Element type declarations

An element type declaration defines an element and its possible content. A valid XML document contains only elements that are defined in the DTD.

Various keywords and characters specify an element’s content:

  • EMPTY for specifying that the defined element allows no content, i.e., it can't have any children elements, not even text elements (if there are whitespaces, they are ignored);
  • ANY for specifying that the defined element allows any content, without restriction, i.e., that it may have any number (including none) and type of children elements (including text elements);
  • or an expression, specifying the only elements allowed as direct children in the content of the defined element; this content can be either:
    • a mixed content, which means that the content may include at least one text element and zero or more named elements, but their order and number of occurrences can't be restricted; this can be:
      • ( #PCDATA ): historically meaning parsed character data, this means that only one text element is allowed in the content (no quantifier is allowed);
      • ( #PCDATA | element name | ... )*: a limited choice (in an exclusive list between parentheses and separated by "|" pipe characters and terminated by the required "*" quantifier) of two or more child elements (including only text elements or the specified named elements) may be used in any order and number of occurrences in the content.
    • an element content, which means that there must be no text elements in the children elements of the content (all whitespaces encoded between child elements are then ignored, just like comments). Such element content is specified as content particle in a variant of Backus–Naur form without terminal symbols and element names as non-terminal symbols. Element content consists of:
      • a content particle can be either the name of an element declared in the DTD, or a sequence list or choice list.

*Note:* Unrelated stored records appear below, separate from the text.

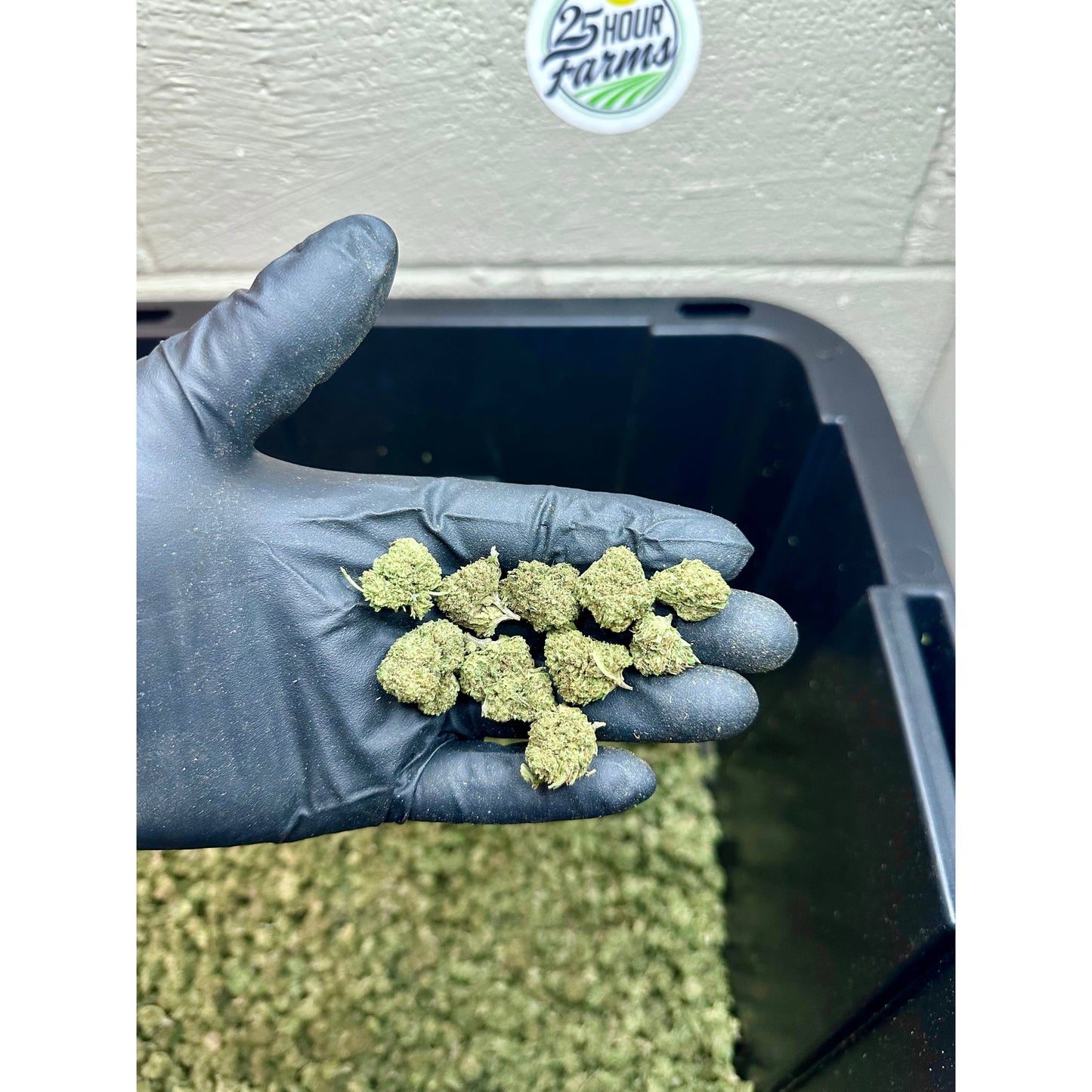 Platinum Bubba Hemp Flower Smalls
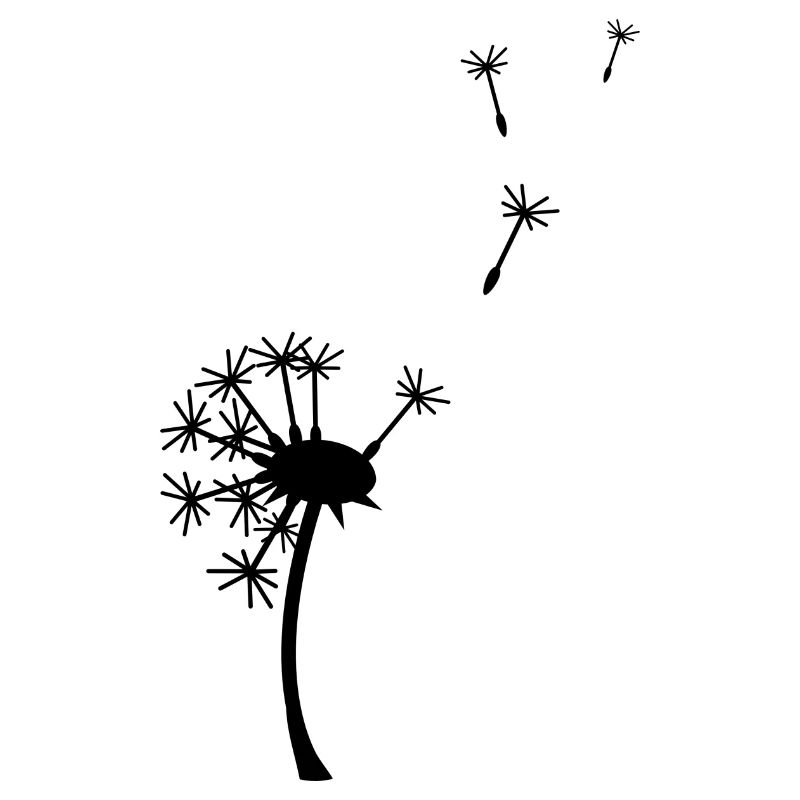pusteblume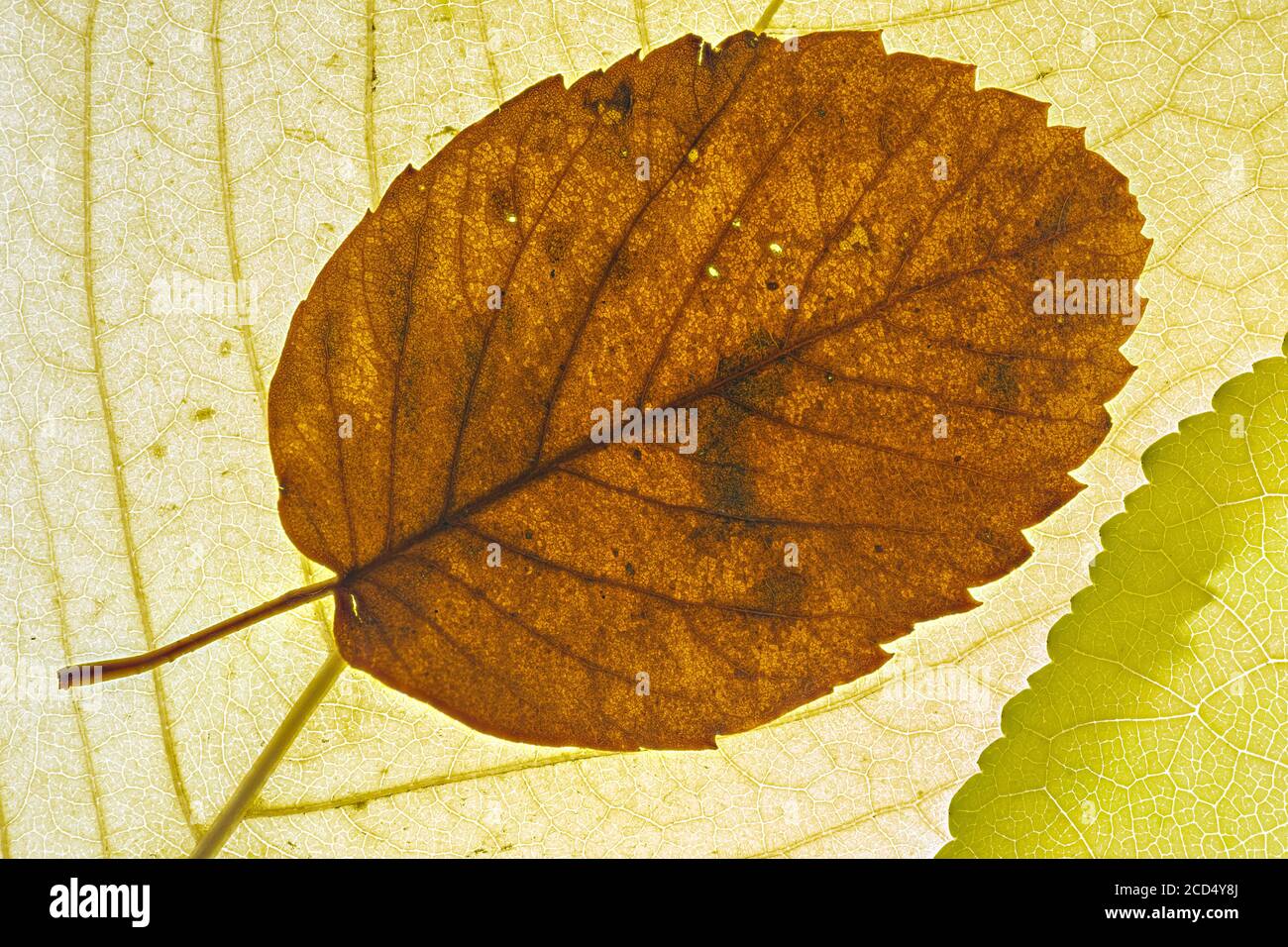 Autumn Leaves with Green and Brown Colors Stock Photo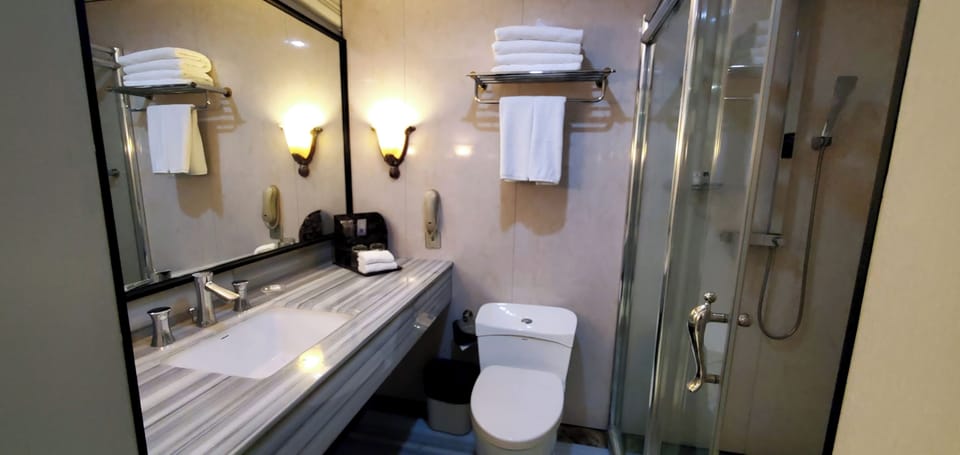Shower, free toiletries, hair dryer, bathrobes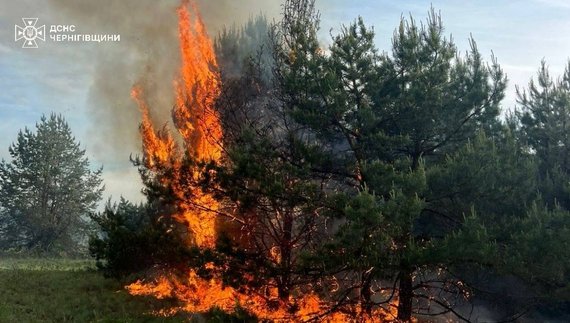 Горить ліс після падіння російського дрона. Фото ДСНС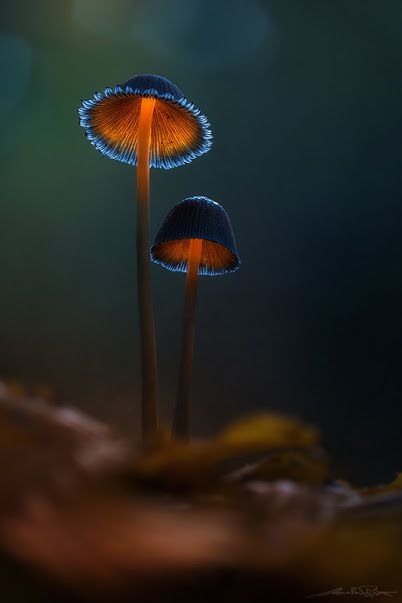 I have no idea what kind of mushroom this is, but with the lighting, the picture is just Amazing by Brent Csutoras Macro Fotografia, Mushroom Pictures, Plant Fungus, Wallpaper Pastel, Mushroom Fungi, Beautiful Forest, Forest Flowers, Carnivorous Plants, Wild Mushrooms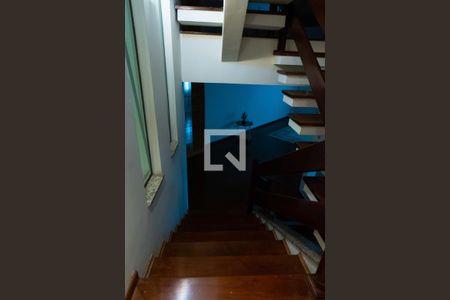 Escada de casa à venda com 4 quartos, 394m² em Vila Floresta, Santo André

It may be followed by an optional quantifier.
        • a sequence list means an ordered list (specified between parentheses and separated by a "," comma character) of one or more content particles: all the content particles must appear successively as direct children in the content of the defined element, at the specified position and relative order;
        • a choice list means a mutually exclusive list (specified between parentheses and separated by a "|" pipe character) of two or more content particles: only one of these content particles may appear in the content of the defined element at the same position.
      • A quantifier is a single character that immediately follows the specified item it applies to, to restrict the number of successive occurrences of these items at the specified position in the content of the element; it may be either:
        • + for specifying that there must be one or more occurrences of the item — the effective content of each occurrence may be different;
        • * for specifying that any number (zero or more) of occurrences is allowed — the item is optional and the effective content of each occurrence may be different;
        • ? for specifying that there must not be more than one occurrence — the item is optional;
        • If there is no quantifier, the specified item must occur exactly one time at the specified position in the content of the element.

For example:

<!ELEMENT html (head, body)>
<!ELEMENT p (#PCDATA | p | ul | dl | table | h1|h2|h3)*>

Note that element type declarations are ignored by non-validating SGML and XML parsers (in which cases, any elements are accepted in any order, and in any number of occurrences in the parsed document), but these declarations are still checked for form and validity.